_WHAT YOU NEED TO DO_
Restate the last part of the records below word for word, beginning at the line with "Caladium galaxy Flower in love Stock Photo" and ending at the final line.

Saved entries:
= = = =
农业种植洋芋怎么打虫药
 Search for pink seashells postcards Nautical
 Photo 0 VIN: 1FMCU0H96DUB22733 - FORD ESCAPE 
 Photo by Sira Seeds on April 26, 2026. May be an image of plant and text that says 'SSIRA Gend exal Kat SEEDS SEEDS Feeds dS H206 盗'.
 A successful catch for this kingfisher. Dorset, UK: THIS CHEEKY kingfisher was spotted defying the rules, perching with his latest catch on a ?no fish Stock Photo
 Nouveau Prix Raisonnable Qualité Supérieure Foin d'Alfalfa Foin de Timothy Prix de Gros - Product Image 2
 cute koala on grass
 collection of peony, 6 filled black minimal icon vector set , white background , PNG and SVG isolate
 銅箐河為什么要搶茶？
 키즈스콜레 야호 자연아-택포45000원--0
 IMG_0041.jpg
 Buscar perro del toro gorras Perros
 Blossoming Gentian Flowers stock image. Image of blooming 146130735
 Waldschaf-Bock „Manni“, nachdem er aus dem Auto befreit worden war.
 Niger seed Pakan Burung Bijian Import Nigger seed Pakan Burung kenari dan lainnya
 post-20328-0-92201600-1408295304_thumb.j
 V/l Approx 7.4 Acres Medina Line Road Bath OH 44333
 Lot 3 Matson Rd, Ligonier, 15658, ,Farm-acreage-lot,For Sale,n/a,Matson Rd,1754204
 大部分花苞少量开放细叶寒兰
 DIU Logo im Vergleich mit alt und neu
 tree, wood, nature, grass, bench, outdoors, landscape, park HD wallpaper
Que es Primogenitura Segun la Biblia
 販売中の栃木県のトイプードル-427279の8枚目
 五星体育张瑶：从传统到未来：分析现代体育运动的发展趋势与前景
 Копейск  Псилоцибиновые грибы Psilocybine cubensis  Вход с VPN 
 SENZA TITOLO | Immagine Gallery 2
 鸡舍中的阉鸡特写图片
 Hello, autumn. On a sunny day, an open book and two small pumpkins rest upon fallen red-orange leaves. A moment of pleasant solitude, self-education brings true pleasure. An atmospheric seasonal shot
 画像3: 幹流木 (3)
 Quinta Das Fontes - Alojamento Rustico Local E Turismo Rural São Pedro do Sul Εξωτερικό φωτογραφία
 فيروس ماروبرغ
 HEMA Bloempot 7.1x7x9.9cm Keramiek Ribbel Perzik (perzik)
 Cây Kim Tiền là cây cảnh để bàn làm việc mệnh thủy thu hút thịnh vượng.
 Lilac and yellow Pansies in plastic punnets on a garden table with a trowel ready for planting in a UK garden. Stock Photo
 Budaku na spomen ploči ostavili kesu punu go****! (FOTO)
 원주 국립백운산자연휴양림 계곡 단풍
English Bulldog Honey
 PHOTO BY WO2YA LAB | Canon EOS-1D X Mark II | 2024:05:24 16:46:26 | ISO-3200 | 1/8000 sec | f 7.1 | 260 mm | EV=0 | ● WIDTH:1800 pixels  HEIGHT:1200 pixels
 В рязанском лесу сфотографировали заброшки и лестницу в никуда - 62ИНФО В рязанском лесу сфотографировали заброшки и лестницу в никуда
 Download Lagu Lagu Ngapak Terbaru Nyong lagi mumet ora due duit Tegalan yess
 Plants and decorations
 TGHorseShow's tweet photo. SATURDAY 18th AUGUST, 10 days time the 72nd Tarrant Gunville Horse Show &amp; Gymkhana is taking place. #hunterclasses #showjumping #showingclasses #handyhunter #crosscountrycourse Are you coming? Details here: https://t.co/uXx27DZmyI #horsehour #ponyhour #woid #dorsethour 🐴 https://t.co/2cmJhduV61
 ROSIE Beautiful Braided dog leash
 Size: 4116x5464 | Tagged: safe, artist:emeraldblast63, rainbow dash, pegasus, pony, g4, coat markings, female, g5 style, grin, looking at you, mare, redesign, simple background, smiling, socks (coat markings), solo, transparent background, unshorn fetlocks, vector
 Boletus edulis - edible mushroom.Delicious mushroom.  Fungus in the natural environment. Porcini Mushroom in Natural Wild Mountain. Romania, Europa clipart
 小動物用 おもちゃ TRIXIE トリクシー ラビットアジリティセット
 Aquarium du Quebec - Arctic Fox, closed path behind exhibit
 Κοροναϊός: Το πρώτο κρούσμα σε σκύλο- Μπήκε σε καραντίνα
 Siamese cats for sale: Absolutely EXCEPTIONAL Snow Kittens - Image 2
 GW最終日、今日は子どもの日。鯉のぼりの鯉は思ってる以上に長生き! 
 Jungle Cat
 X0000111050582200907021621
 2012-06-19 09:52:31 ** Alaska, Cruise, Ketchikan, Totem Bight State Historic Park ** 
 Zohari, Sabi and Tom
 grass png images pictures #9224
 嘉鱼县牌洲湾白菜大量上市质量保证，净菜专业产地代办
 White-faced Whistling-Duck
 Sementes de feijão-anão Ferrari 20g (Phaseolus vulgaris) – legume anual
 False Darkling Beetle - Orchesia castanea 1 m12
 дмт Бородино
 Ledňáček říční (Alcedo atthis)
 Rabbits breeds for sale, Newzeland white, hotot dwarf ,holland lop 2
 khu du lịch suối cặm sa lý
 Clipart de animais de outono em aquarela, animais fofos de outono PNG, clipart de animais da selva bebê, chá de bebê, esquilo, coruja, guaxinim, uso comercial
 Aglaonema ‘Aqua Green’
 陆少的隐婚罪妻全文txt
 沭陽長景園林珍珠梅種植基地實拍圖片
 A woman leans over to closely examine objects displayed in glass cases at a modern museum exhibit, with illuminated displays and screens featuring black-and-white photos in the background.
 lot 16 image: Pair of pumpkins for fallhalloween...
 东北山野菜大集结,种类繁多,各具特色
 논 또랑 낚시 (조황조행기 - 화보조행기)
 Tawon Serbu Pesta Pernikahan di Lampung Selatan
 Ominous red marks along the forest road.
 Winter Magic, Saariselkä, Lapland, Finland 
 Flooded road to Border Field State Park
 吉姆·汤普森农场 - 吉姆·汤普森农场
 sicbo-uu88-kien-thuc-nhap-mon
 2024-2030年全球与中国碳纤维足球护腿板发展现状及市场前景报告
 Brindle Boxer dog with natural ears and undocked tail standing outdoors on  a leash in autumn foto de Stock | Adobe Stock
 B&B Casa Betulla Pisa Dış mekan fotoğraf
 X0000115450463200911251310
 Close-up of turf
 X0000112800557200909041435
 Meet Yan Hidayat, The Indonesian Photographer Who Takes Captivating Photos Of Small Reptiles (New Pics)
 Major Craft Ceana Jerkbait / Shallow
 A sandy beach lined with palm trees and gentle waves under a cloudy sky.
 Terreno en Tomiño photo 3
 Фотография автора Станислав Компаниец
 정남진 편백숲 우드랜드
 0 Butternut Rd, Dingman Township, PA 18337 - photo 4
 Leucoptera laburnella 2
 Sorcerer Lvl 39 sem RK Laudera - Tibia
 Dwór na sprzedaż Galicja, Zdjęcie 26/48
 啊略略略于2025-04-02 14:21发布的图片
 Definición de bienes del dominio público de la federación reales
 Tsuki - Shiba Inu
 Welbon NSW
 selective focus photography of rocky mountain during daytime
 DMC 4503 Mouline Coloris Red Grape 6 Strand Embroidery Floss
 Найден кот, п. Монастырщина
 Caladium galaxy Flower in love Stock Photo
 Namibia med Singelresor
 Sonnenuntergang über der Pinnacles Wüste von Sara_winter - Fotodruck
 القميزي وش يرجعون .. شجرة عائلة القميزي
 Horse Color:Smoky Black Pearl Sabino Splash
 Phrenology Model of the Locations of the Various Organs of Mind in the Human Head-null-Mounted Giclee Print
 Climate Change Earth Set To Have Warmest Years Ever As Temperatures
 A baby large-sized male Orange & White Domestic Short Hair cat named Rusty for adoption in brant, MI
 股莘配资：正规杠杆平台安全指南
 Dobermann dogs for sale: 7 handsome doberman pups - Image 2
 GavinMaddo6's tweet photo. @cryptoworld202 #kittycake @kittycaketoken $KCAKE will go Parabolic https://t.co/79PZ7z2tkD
= = = =
_SOLUTION TO THIS TASK_
 Caladium galaxy Flower in love Stock Photo
 Namibia med Singelresor
 Sonnenuntergang über der Pinnacles Wüste von Sara_winter - Fotodruck
 القميزي وش يرجعون .. شجرة عائلة القميزي
 Horse Color:Smoky Black Pearl Sabino Splash
 Phrenology Model of the Locations of the Various Organs of Mind in the Human Head-null-Mounted Giclee Print
 Climate Change Earth Set To Have Warmest Years Ever As Temperatures
 A baby large-sized male Orange & White Domestic Short Hair cat named Rusty for adoption in brant, MI
 股莘配资：正规杠杆平台安全指南
 Dobermann dogs for sale: 7 handsome doberman pups - Image 2
 GavinMaddo6's tweet photo. @cryptoworld202 #kittycake @kittycaketoken $KCAKE will go Parabolic https://t.co/79PZ7z2tkD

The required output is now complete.